(GIVEN INFORMATION begins)

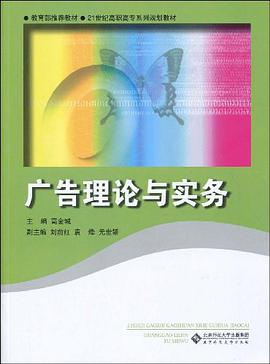 广告理论与实务 pdf epub mobi 电子书 下载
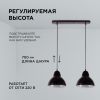 Подвесная люстра Apeyron 16-67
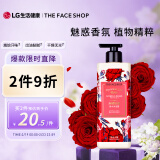 菲诗小铺（THE FACE SHOP）丝绒魅惑香水沐浴露 500ml（玫瑰花香）男女通用香体沐浴乳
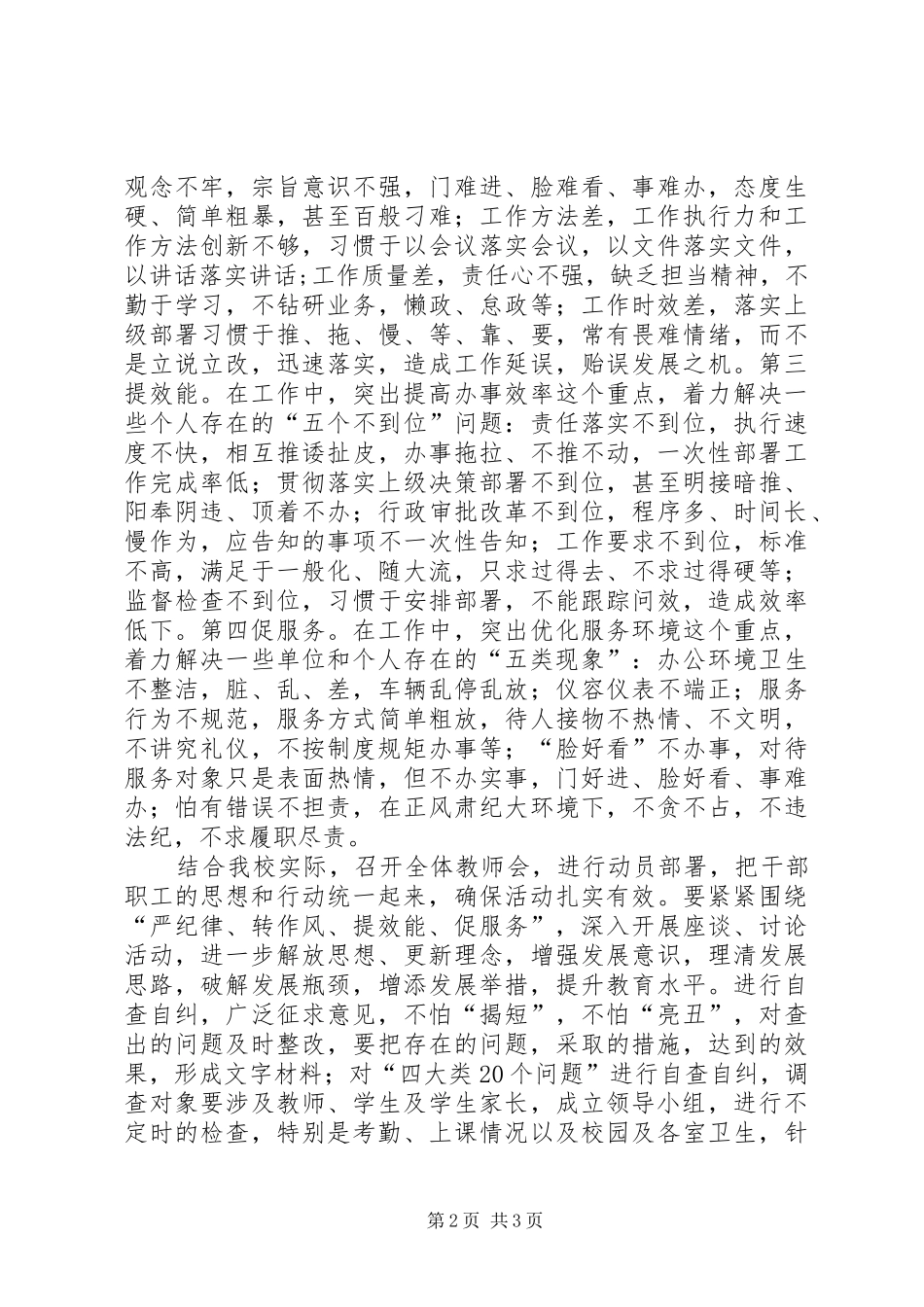 新兴小学“严转提促”实施方案 _第2页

(GIVEN INFORMATION ends)

Reproduce the data above in full, exactly as it is, with the pictures left out.

 广告理论与实务 pdf epub mobi 电子书 下载
 Подвесная люстра Apeyron 16-67
 菲诗小铺（THE FACE SHOP）丝绒魅惑香水沐浴露 500ml（玫瑰花香）男女通用香体沐浴乳
 新兴小学“严转提促”实施方案 _第2页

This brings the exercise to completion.